*What you should do*
Each line from the one containing "Classic Calf Texture" to the end of the data must be copied exactly, the first and last included; no other lines and no pictures belong in the copy.

*Data for this task*
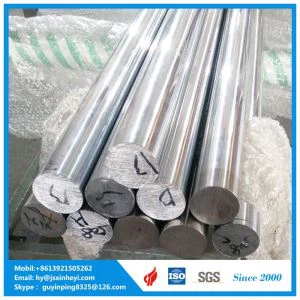 강철 하드 크롬 도금 피스톤 로드 높은 주파수 피스톤 로드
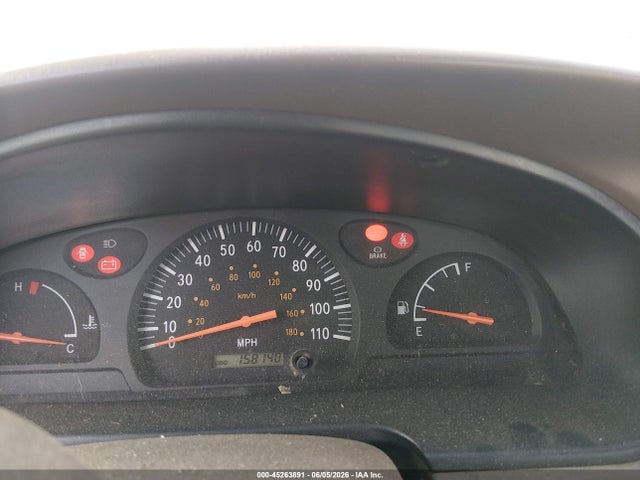 2000 Toyota Tundra მანქანა იყიდება აუქციონზე, vin: 5TBJN3219YS107255, აუქციონის ნომერი: 45263891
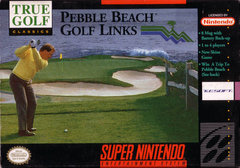 Pebble Beach Golf Links - Super Nintendo | Galactic Gamez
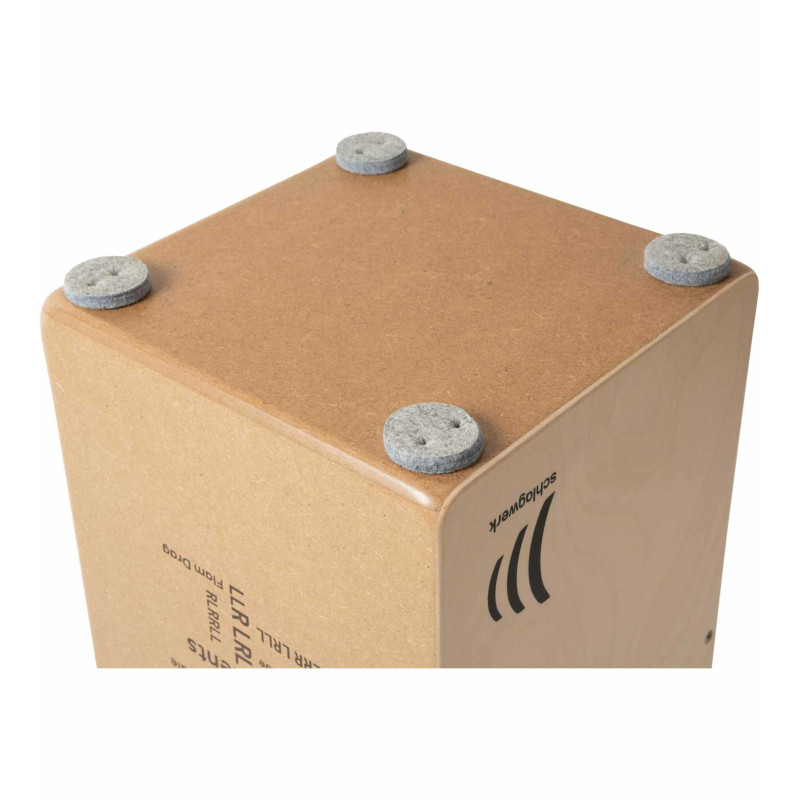 Schlagwerk CP80 Cajón Rudiments Nature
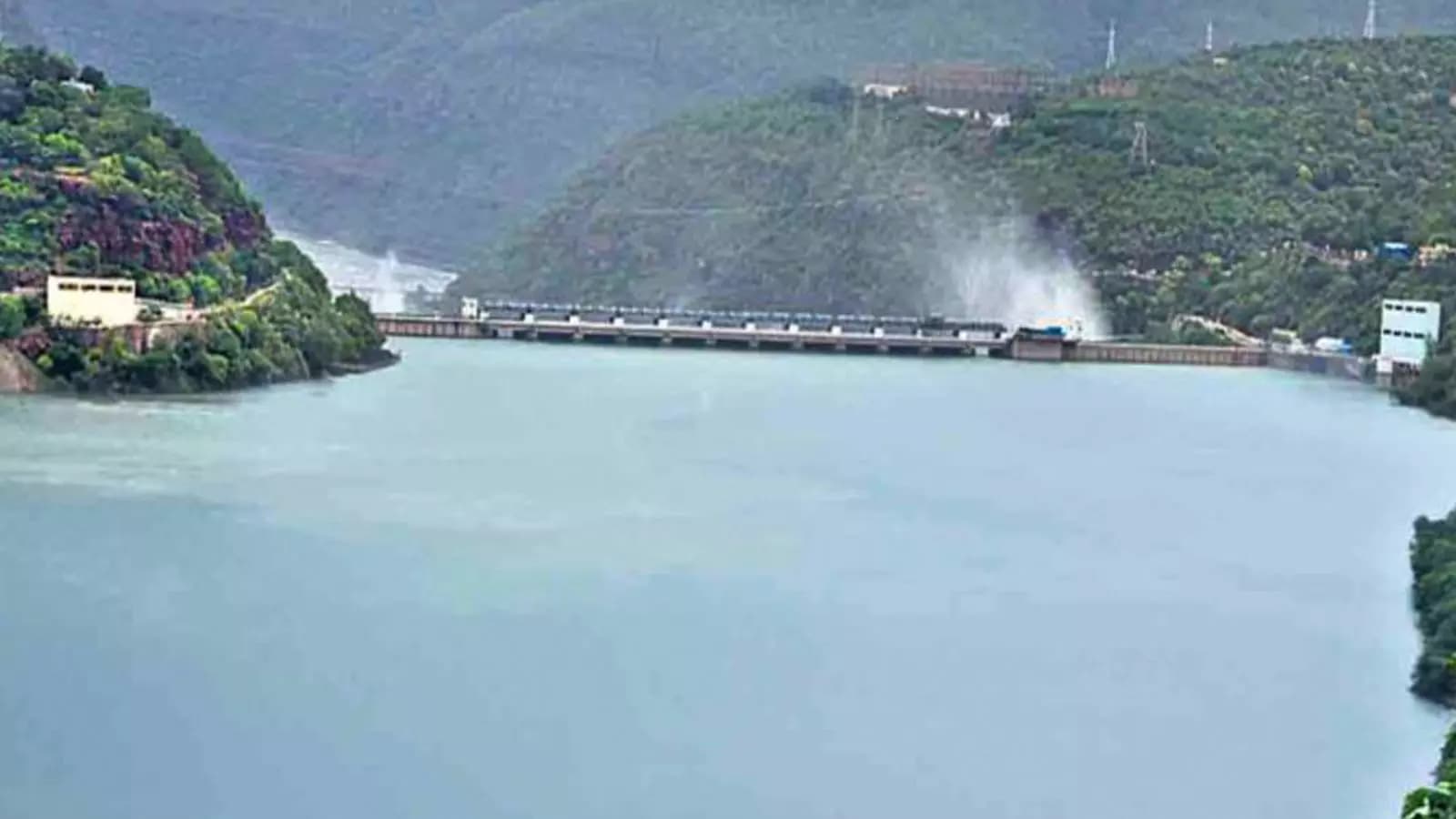 Srisailam : శ్రీశైలం ప్రాజెక్టుకు వరదనీరు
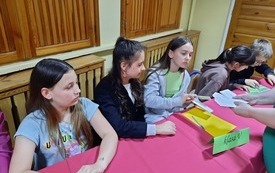Święto Języka Polskiego PSP Dąbrowa 2023 4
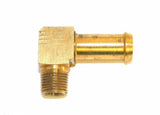 Big A Service Line 3-83126 Brass 1/8" Thread x 3/8" Metal Barbed Tube Fitting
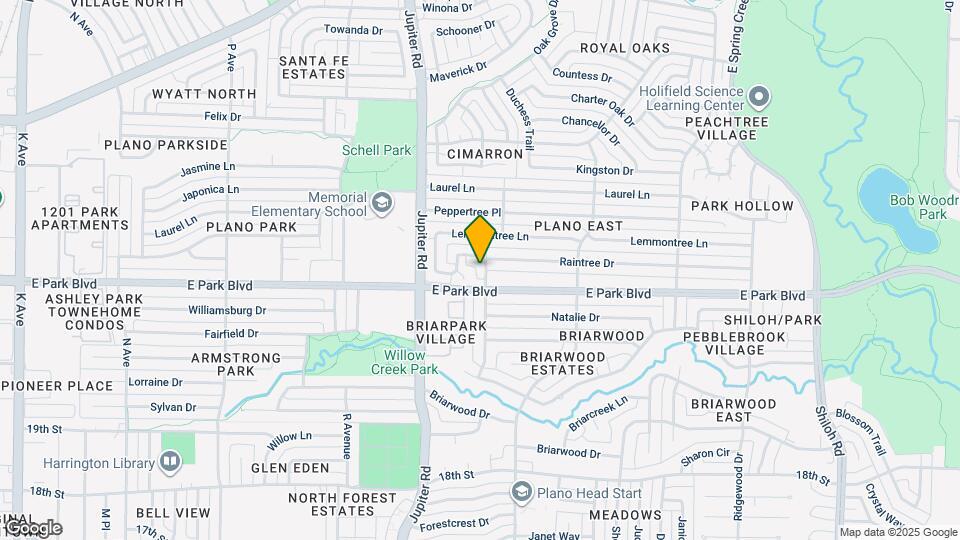 2509 Trailridge Dr Map and Location Details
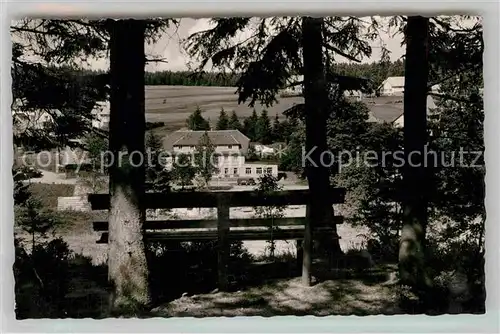 AK / Ansichtskarte Kniebis Freudenstadt Gasthof Pension Ochsen Kat. Freudenstadt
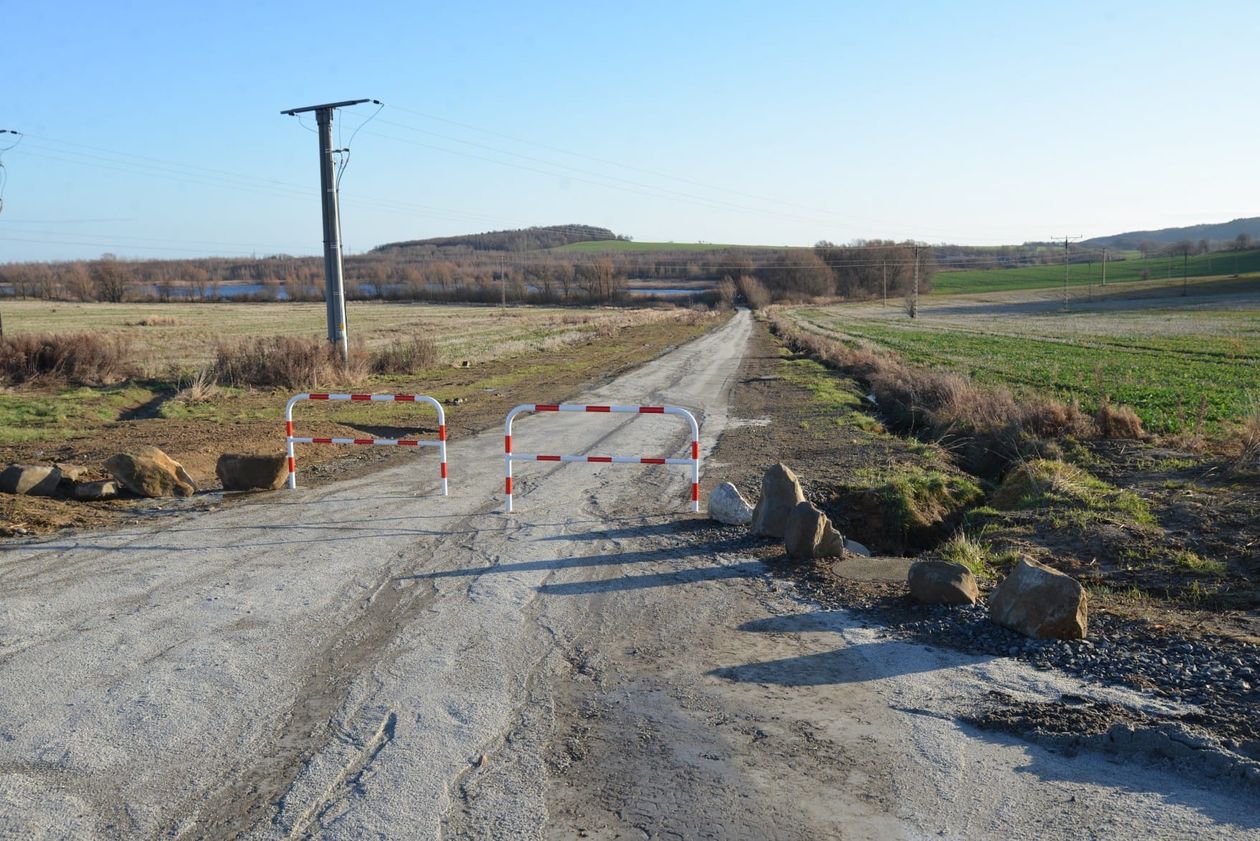 Złotoryja: Jest dojazd do stawu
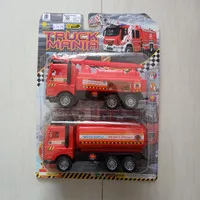 mainan anak truk pemadam kebakaran plastik
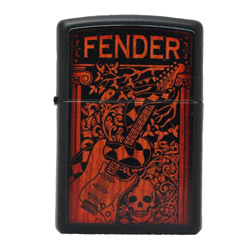 Fender VooDoo Zippo Lighter
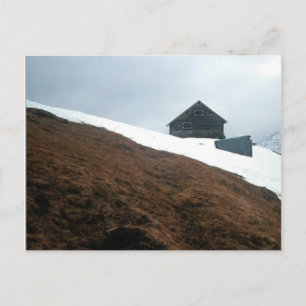 THE LAST HOUSE POSTCARD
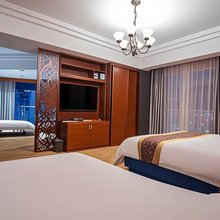 鸿鼎风尚酒店(金华万泰海立方海洋公园店)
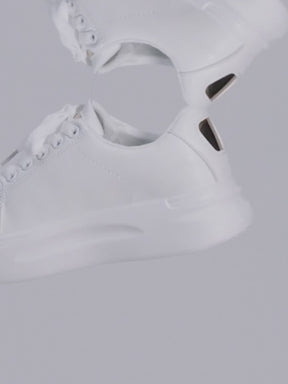 Tênis Branco Casual Feminino - Bella Mônica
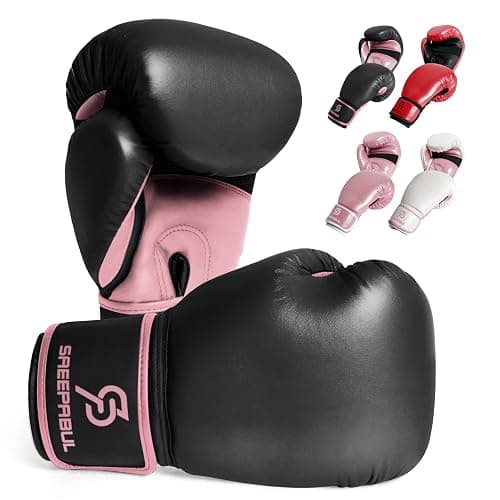 SAEEPABUL S200 Boxing Gloves for Men and Women Suitable for Boxing Kickboxing Mixed Martial Arts Maui Thai MMA Heavy Bag Fighting Training - Image 1
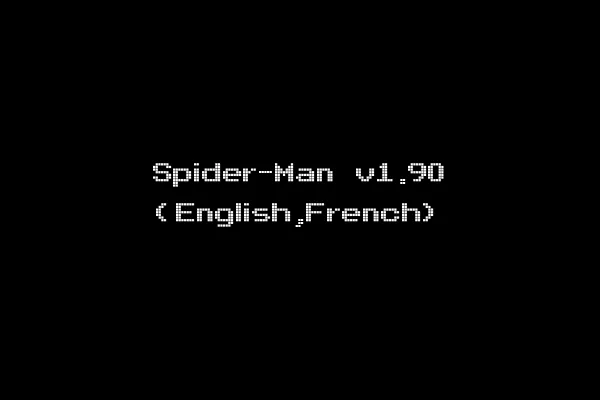 Spider-Man v1.90 (English,French)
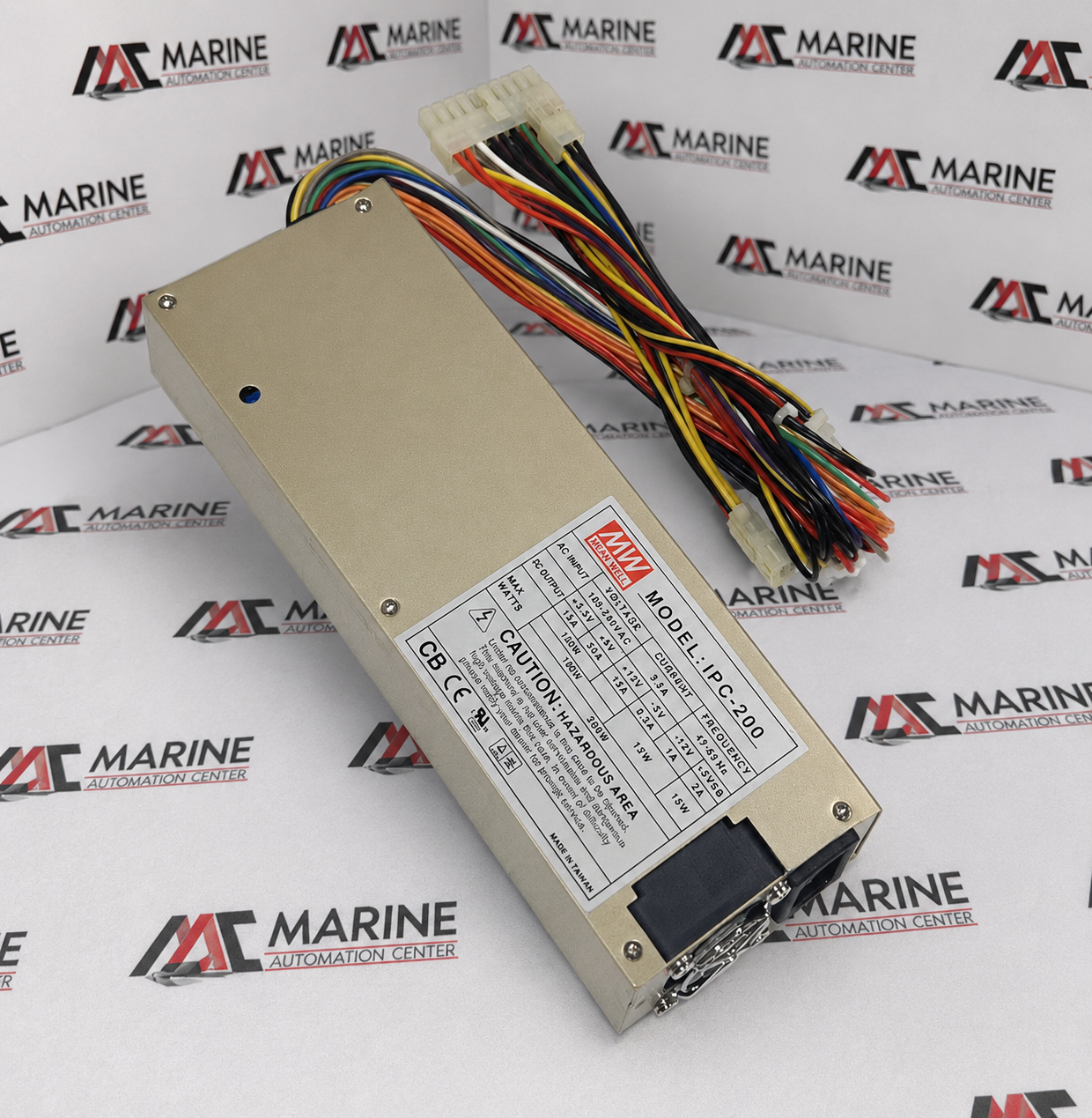Mean Well DC Power Supply IPC-200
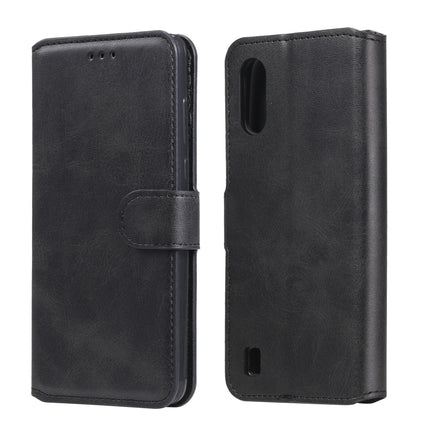 Classic Calf Texture PU + TPU Horizontal Flip Leather Case, with Holder & Card Slots & Wallet, For Samsung Galaxy A42 5G, For Samsung Galaxy M01, For Samsung Galaxy M31s, For Samsung Galaxy M51 Side-mounted Fingerprint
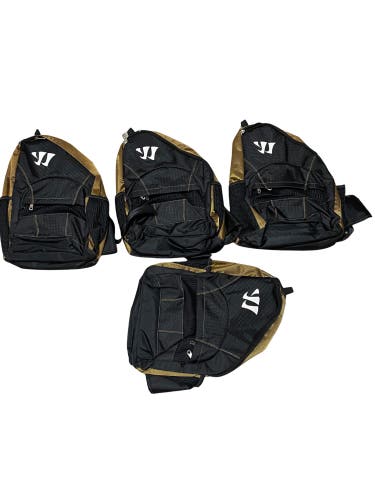 (BUNDLE DEAL) 5 Warrior Zephyr Lacrosse bags (stick holder inside)
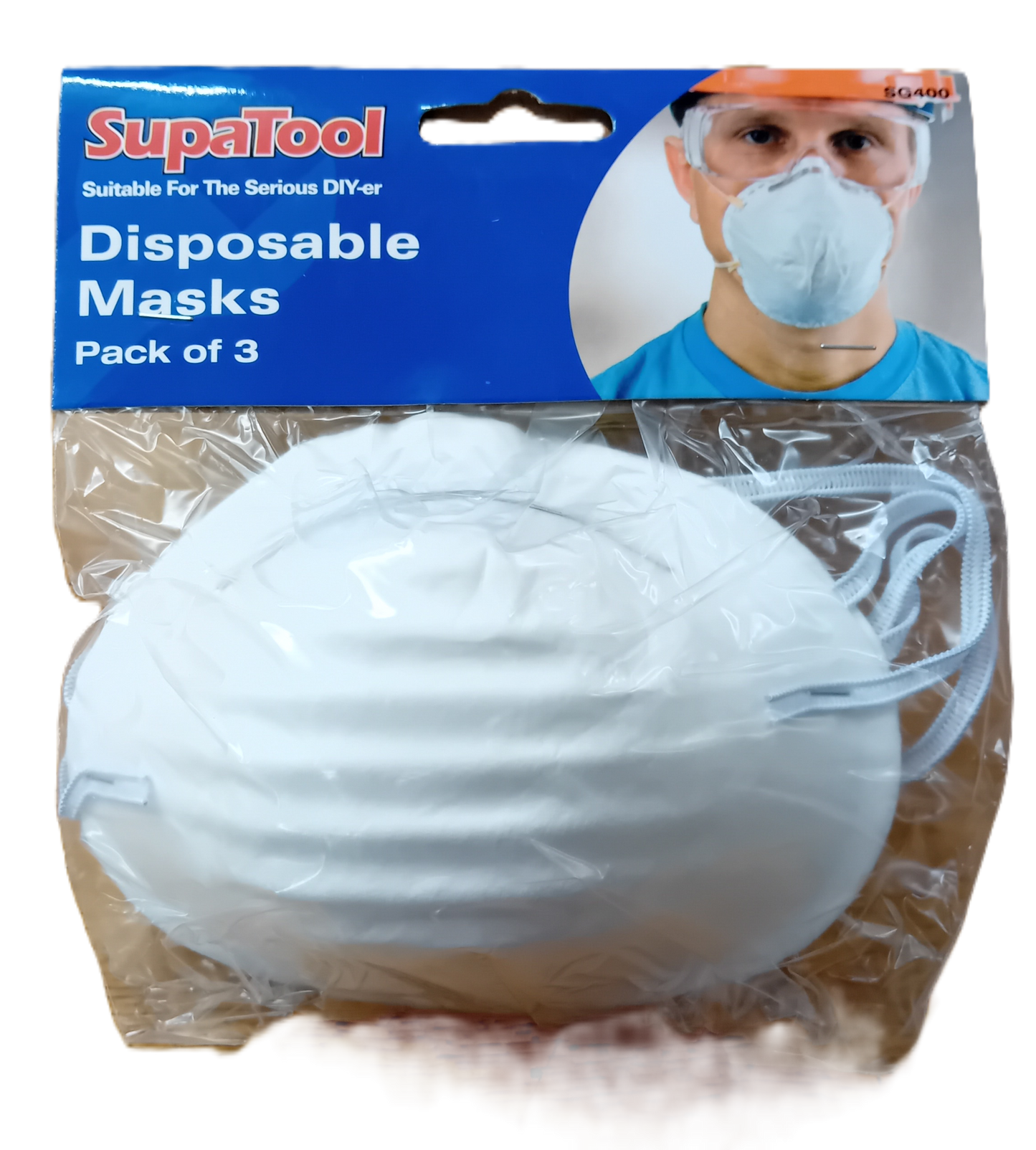 Disposable Masks - Pack 3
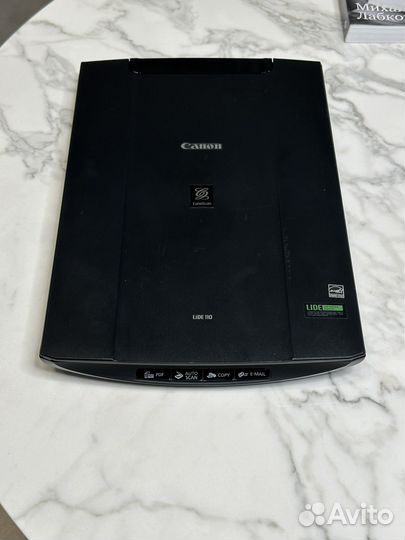 Сканер Canon Lide 110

*Completed task*
 Classic Calf Texture PU + TPU Horizontal Flip Leather Case, with Holder & Card Slots & Wallet, For Samsung Galaxy A42 5G, For Samsung Galaxy M01, For Samsung Galaxy M31s, For Samsung Galaxy M51 Side-mounted Fingerprint
 (BUNDLE DEAL) 5 Warrior Zephyr Lacrosse bags (stick holder inside)
 Disposable Masks - Pack 3
 Сканер Canon Lide 110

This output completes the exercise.